An Atmosphere Light and Fresh
The spirit of play can animate young and old
For years, my answer to the familiar question — “What books do you have on your nightstand?’” — has included Game Time, a collection of the baseball writings of Roger Angell, who died in May at age 101.
Like his mother and stepfather, Angell was a fixture at The New Yorker, where he worked as a writer and fiction editor. On the occasion of his death, the magazine’s editor, David Remnick, wrote about Angell, “No one lives forever, but you’d be forgiven for thinking that Roger had a good shot at it. Like the rest of us, he suffered pain and loss and doubt, but he usually kept the blues at bay, always looking forward.”

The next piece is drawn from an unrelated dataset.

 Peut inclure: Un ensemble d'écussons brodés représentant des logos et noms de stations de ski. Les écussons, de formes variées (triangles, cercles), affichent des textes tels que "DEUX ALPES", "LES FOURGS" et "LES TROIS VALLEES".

Angell will live on in his fit and fluid body of work including essays that have the power, undiluted by time, to influence my own outlook and attitude. I favor especially his reminiscences about his childhood and the early stages of his relationship with baseball.
As a boy, he discovered what would be a lifelong fascination and love with the names of baseball, handles that he found to “prickle or sing in one’s mind.” There was Mel Ott, Joe Stripp, Jimmie Foxx, George Pipgras, Goose Goslin, Paul Derringer, Van Lingle Mungo, Babe Ruth and longtime Philadelphia Athletics manager “Connie Mack,” whose professional name was a truncated version of the one on his birth certificate, Cornelius McGillicuddy.
I grew up in Minnesota following with my brothers the exploits of Zoilo Versalles, Rich Rollins, Earl Battey, Camilo Pascual, Jim Kaat, Vic Power and Harmon Killebrew, but was badly distracted by the M&M Boys of the New York Yankees, the franchise that ultimately commanded my affections.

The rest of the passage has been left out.